“What did you think about the penalty incident?” “I didn’t see it.”
“What about the potential red-card offence committed by your centre-back in the first half?” “I didn’t see it.”
Those were not the words of Arsene Wenger circa 2006, but Jose Mourinho on Sunday. Leighton Baines’ late equaliser for Everton had hit the Manchester United manager so hard he suddenly found himself channelling his sworn enemy when asked to recap on the 1-1 draw in the post-match press conference.
But perhaps there is more to Mourinho’s mimicking of the Arsenal manager than just the refusal to acknowledge unfavourable moments in the game.
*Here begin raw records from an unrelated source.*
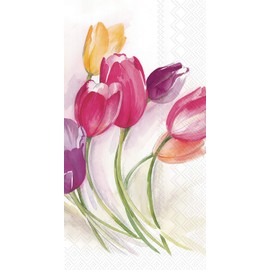 Ideal Home Range 3-Ply Paper Tulip Season, 16 Count Guest Towel Napkins Set of 2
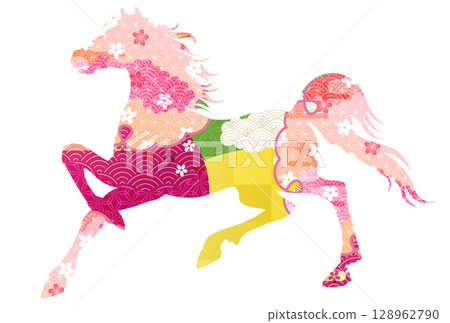 馬新年賀卡櫻花圖標 馬新年賀卡櫻花圖標 128962790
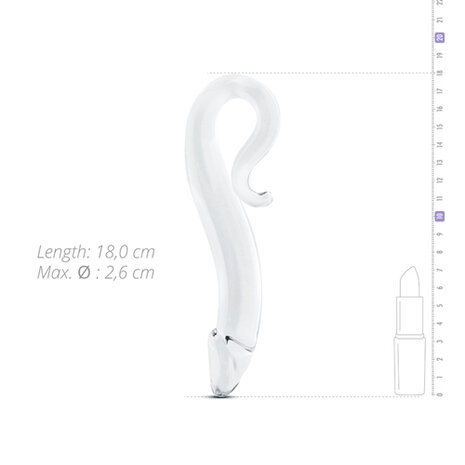 Gebogen Glazen Dildo Met Handvat - Transparant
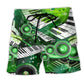 Music Green Beach Shorts Print Detail For Casual Warm Weather Outfits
For just as Wenger spent years refusing to contemplate a switch away from the 4-4-2 formation to which he was wedded for so long, the Portuguese revealed that his decision to throw on accidental game-changer Marouane Fellaini came out of a deep-seated belief that the only way to withstand a direct approach from the opposition is to call upon the tallest player on your books.
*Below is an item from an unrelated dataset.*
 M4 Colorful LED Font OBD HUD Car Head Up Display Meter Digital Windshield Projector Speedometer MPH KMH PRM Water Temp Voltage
“I thought you would know more about football than you do because the answer is obvious,” he blasted when asked why the Belgian had replaced Henrikh Mkhitaryan for the final five minutes at Goodison Park. “Everton do not play beautiful football anymore. They are now direct. Their style is direct. Williams is direct. Everything is direct, and when they are losing they intensify their directness. When you have a player who is two metres tall you bring him on to deal with that.”
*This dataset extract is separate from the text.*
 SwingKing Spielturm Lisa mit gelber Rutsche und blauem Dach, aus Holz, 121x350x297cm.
It was often the first reaction of Louis van Gaal to throw on Fellaini whenever he felt the slightest bit uncomfortable with an aerial challenge from the opposition, and Mourinho has fallen into the same trap somewhat since succeeding the Dutchman in the summer.
Yet during the course of the game it was United’s width which had won them time and space, which had stretched Everton and forced gaps down the flanks for the Reds to exploit. It was the work of Anthony Martial and Mkhitaryan which had helped to take some of the pressure away from Zlatan Ibrahimovic after the Swede had spent much of the opening half struggling to hold the ball up and lift the burden from the remainder of his side. Only as United began to use their wide players more effectively had they got on top.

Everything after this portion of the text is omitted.